Johnnie is bad news, the crooked heart beating at the novel's centre. He is beautiful but amoral. As a child, Paul vowed to take care of him and has kept that vow, spoiling Johnnie with money and luxury flats, watching him squander chance after chance of a legitimate lifestyle and sink further into shady dealings. Johnnie is Paul's blind spot and he is poison - ironically, since Paul has built his fortune on clearing contaminated land.

Louise herself is contaminated by misery and alcohol. She is apparently friendless, depressed and overweight - Dunmore is unflinching about the less desirable effects of maternity on the body. She flirts with the idea of liposuction, is turned away by a plastic surgeon with a conscience, then sinks into a drunken torpor while Anna fends bravely for herself, watching videos and taking money from her mum's purse for sweets.

Eventually Paul, about to remarry, rescues Anna and takes her to live in Yorkshire, leaving Louise to sink or swim. In Yorkshire, Anna finds love of a kind, from a local boy who begins by chucking gravel at her and ends up her best friend. Together they nurture a new-born kitten, a parody of parenting in which both of the children perform more responsibly than any of Anna's supposed carers.

When Louise begins to pull herself out of her alcoholic depression it is only in order to help Johnnie escape the consequences of his dodgy dealings. Johnnie is everyone's downfall, dangerously attractive in the flesh - though, I have to say, not particularly on the page - and the possessor of a fatal kind of vulnerability.

This is a bleak book - with broken relationships, a neglected child, the repeated failure of love - but it is leavened by the sheer quality of the writing, most particularly its intensely realised physicality. Open a page at random and you're almost bound to find something gorgeous. My favourite is a truly mouth- watering description of a bacon sandwich that had me reaching for the frying pan.

If this novel has a flaw, it lies in the over-complex manner of its telling.

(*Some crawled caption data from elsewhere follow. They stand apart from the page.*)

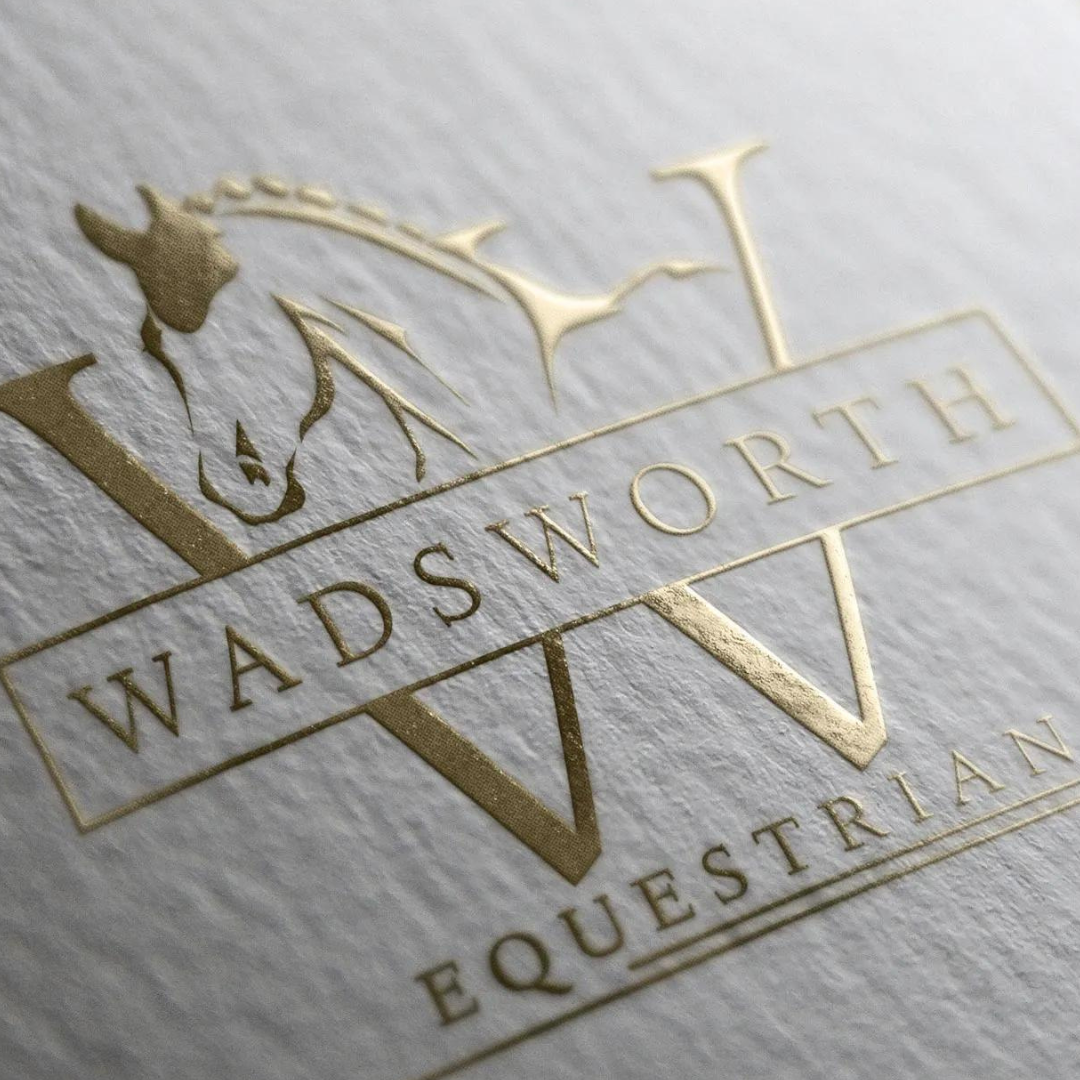 Integrating logo design with web aesthetics for Sioux Falls businesses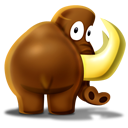 o_elephant3.png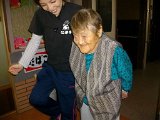 IMG001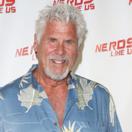 Barry Bostwick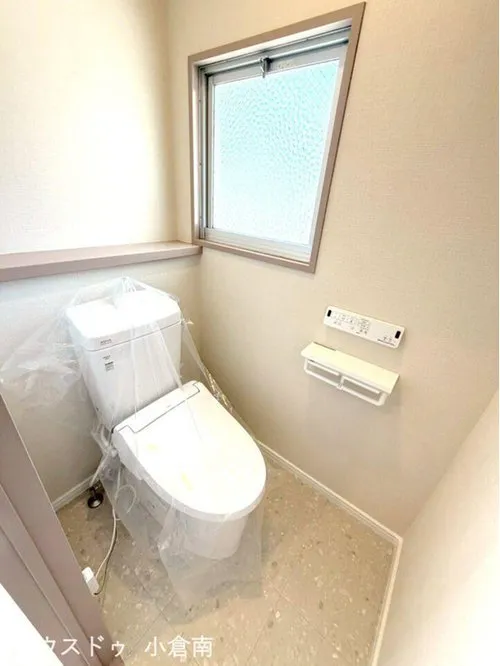 3LDK Property Kitakyushu-shi Kokuraminami-ku Fukuoka Prefecture (18)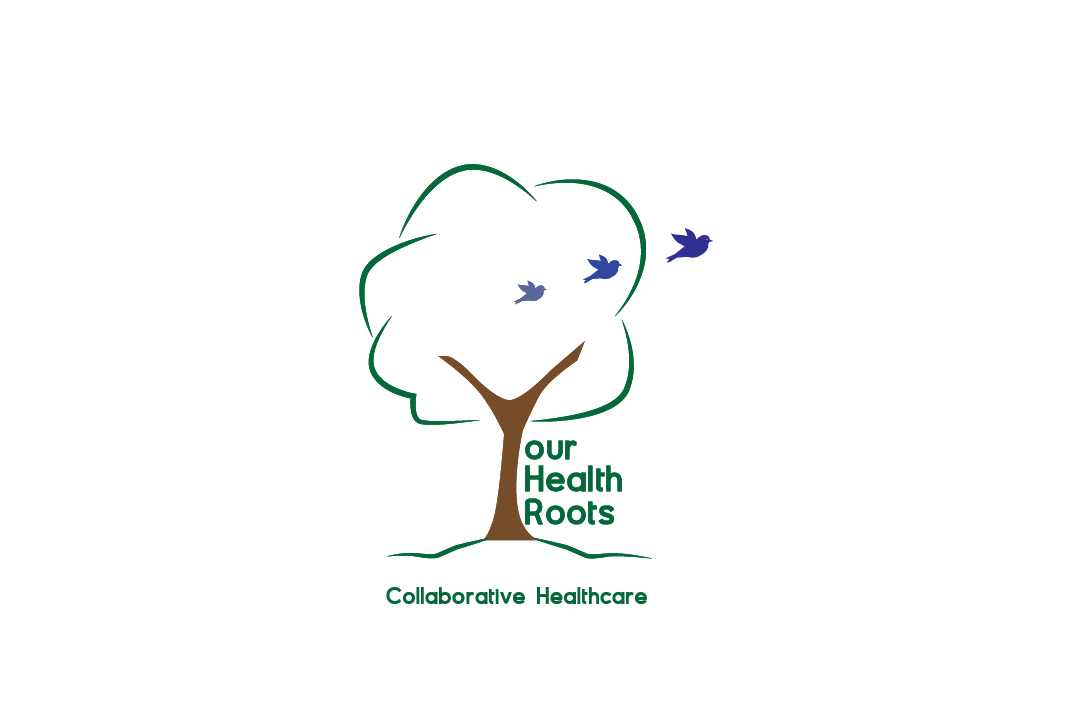 Winner small image - Your Health Roots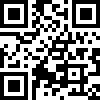 https://khabaronline.ir/xqsSV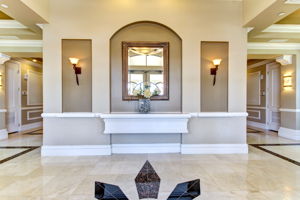 Carlton Dunes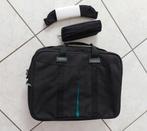 Sacoche noire pour ordinateur portable, Enlèvement ou Envoi, Neuf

For no obviously identifiable reason the narrative switches between first, second and third person, within which latter the viewpoint sometimes lurches so confusingly I had to go back and unpick. The second-person chapters proved most awkward, with infelicities like "You and David champ the crisps" or "You are still walking down the street", to which I can't help responding, No I'm not. This strong, unsettling novel simply does not need this distractingly fidgety device, and would have been stronger still if told in a simpler mode.